* _DIRECTIONS_:
Copy out, exactly as written, only the line containing "The Strongest Florist" and the lines after it through the end of the records.

:: RECORDS TO USE ::

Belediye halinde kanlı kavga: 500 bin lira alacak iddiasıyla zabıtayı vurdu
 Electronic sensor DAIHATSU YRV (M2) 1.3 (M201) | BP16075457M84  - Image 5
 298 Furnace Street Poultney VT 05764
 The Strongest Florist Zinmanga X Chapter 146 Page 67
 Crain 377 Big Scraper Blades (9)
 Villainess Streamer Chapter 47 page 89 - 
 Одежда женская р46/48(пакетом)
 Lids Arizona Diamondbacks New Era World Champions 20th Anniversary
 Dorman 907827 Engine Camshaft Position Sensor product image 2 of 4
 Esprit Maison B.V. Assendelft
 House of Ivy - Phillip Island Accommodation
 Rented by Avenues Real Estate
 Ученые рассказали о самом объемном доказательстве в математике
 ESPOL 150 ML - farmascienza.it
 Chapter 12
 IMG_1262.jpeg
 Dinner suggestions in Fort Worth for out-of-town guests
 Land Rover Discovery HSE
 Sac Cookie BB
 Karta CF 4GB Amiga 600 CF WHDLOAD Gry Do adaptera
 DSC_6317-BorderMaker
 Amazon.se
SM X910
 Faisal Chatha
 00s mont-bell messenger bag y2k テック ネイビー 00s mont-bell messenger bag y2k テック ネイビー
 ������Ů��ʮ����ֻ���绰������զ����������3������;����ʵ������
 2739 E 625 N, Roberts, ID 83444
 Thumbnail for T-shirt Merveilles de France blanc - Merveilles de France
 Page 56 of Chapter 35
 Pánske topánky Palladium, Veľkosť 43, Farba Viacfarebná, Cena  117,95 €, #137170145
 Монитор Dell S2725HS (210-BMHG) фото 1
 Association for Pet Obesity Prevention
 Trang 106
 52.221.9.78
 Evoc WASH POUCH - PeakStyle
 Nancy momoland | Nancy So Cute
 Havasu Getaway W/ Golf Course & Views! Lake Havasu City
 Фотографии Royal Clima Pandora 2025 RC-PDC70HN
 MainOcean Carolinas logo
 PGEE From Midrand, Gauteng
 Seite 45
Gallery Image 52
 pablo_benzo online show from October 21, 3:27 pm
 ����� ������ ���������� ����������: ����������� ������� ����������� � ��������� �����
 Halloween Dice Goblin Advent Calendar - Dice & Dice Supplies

:::

* _TASK ANSWER_:
 The Strongest Florist Zinmanga X Chapter 146 Page 67
 Crain 377 Big Scraper Blades (9)
 Villainess Streamer Chapter 47 page 89 - 
 Одежда женская р46/48(пакетом)
 Lids Arizona Diamondbacks New Era World Champions 20th Anniversary
 Dorman 907827 Engine Camshaft Position Sensor product image 2 of 4
 Esprit Maison B.V. Assendelft
 House of Ivy - Phillip Island Accommodation
 Rented by Avenues Real Estate
 Ученые рассказали о самом объемном доказательстве в математике
 ESPOL 150 ML - farmascienza.it
 Chapter 12
 IMG_1262.jpeg
 Dinner suggestions in Fort Worth for out-of-town guests
 Land Rover Discovery HSE
 Sac Cookie BB
 Karta CF 4GB Amiga 600 CF WHDLOAD Gry Do adaptera
 DSC_6317-BorderMaker
 Amazon.se
SM X910
 Faisal Chatha
 00s mont-bell messenger bag y2k テック ネイビー 00s mont-bell messenger bag y2k テック ネイビー
 ������Ů��ʮ����ֻ���绰������զ����������3������;����ʵ������
 2739 E 625 N, Roberts, ID 83444
 Thumbnail for T-shirt Merveilles de France blanc - Merveilles de France
 Page 56 of Chapter 35
 Pánske topánky Palladium, Veľkosť 43, Farba Viacfarebná, Cena  117,95 €, #137170145
 Монитор Dell S2725HS (210-BMHG) фото 1
 Association for Pet Obesity Prevention
 Trang 106
 52.221.9.78
 Evoc WASH POUCH - PeakStyle
 Nancy momoland | Nancy So Cute
 Havasu Getaway W/ Golf Course & Views! Lake Havasu City
 Фотографии Royal Clima Pandora 2025 RC-PDC70HN
 MainOcean Carolinas logo
 PGEE From Midrand, Gauteng
 Seite 45
Gallery Image 52
 pablo_benzo online show from October 21, 3:27 pm
 ����� ������ ���������� ����������: ����������� ������� ����������� � ��������� �����
 Halloween Dice Goblin Advent Calendar - Dice & Dice Supplies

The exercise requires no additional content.